Frequently Asked Questions
Q: Why are companies reporting poor ROI from AI investments?Â
A: Many companies rushed into AI adoption without proper implementation strategies, missing proper prompt engineering and edge case management that makes the difference between successful AI integration and wasted investment.
Q: Has AI hiring really slowed down?
A: Yes, but this represents a return to normal hiring patterns after the artificial boom caused by COVID-19. Companies are no longer engaging in desperate defensive hiring but returning to more selective professional standards.
Q: What’s the difference between using AI and AI-first development?
A: Using AI means augmenting traditional development with AI tools. AI-first development creates applications that are 90% AI and 10% traditional code, opening possibilities that weren’t feasible with traditional methods alone.
Q: Why is the last 10% of AI implementation so critical?
A: AI might get 90% of tasks right, but that final 10% determines success or failure. Without proper prompts and edge case management, AI generates wrong answers and takes projects down incorrect paths.

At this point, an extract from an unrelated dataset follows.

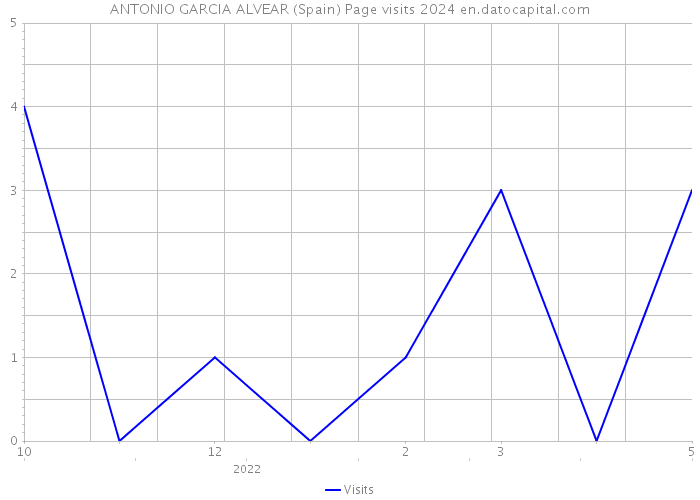 ANTONIO GARCIA ALVEAR (Spain) Page visits 2024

Q: What are edge cases and why do they matter for AI?
A: Edge cases are outlier events that require specific handling. You must provide frameworks telling AI exactly what to do in each scenario: “if this happens, do this. If that happens, do that.”
Q: Should developers worry about AI replacing them?
A: No. Many AI doomsayers haven’t worked in real development environments. AI is powerful but brittle. Code generation is just one part of development, and proper AI integration still requires deep understanding of systems, architecture, and problem-solving.